> **EXERCISE REQUIREMENTS**: Restate the data below word for word, omitting pictures.

> **EXERCISE DATA**:
***

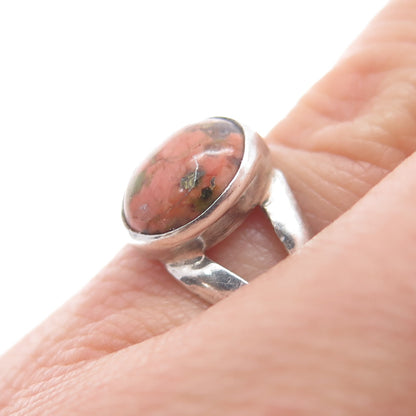 Old Pawn 925 Sterling Silver Vintage Southwestern Unakite Tribal Ring Size 5.25
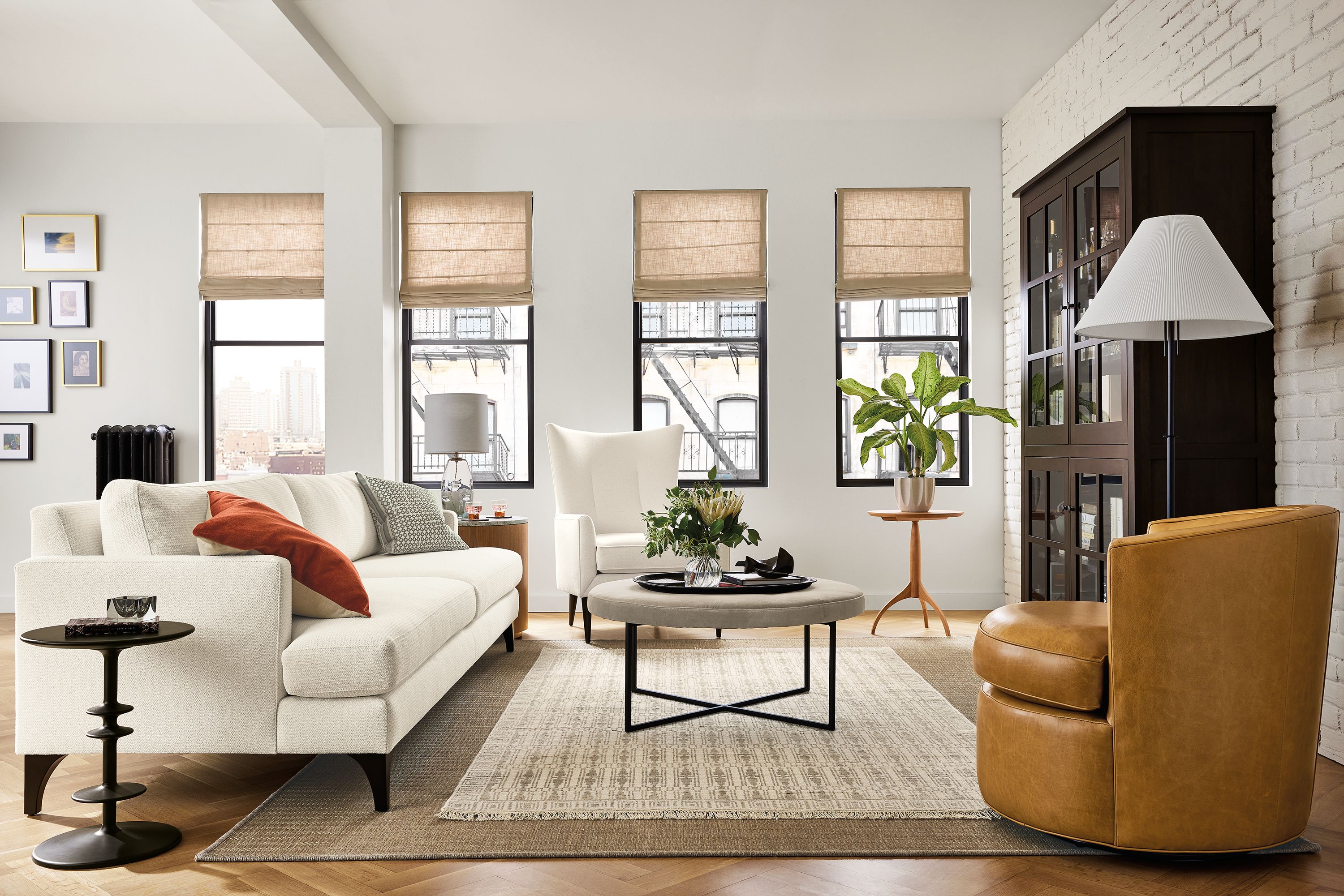 86" two-cushion sofa in Orla white fabric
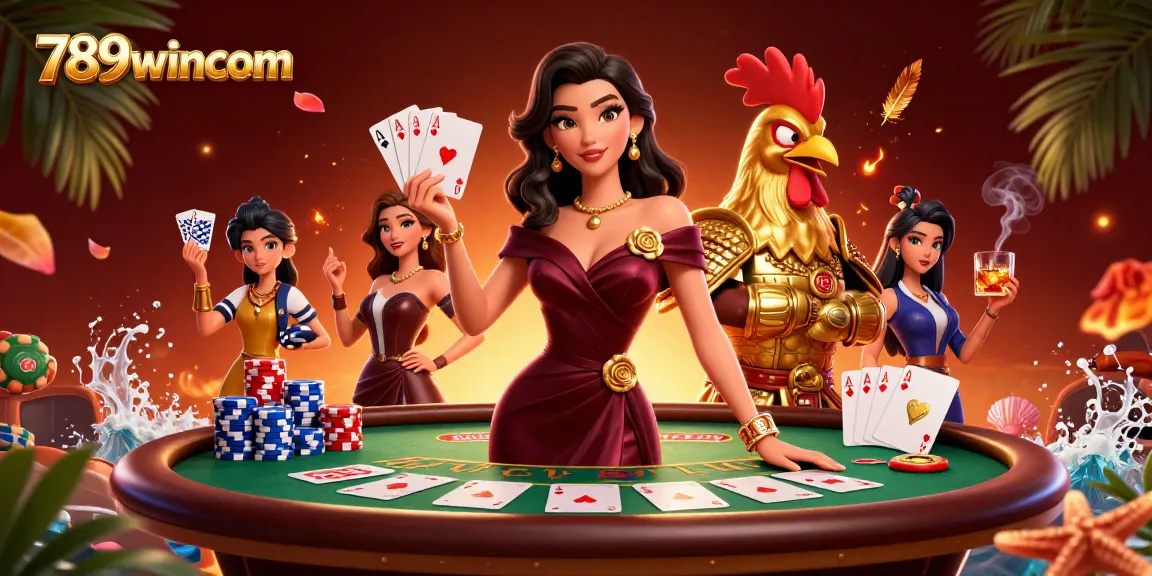 Experience thrilling gameplay at 789wincom with vibrant 3D casino illustration.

***

> **WRITTEN SOLUTION**:
 Old Pawn 925 Sterling Silver Vintage Southwestern Unakite Tribal Ring Size 5.25
 86" two-cushion sofa in Orla white fabric
 Experience thrilling gameplay at 789wincom with vibrant 3D casino illustration.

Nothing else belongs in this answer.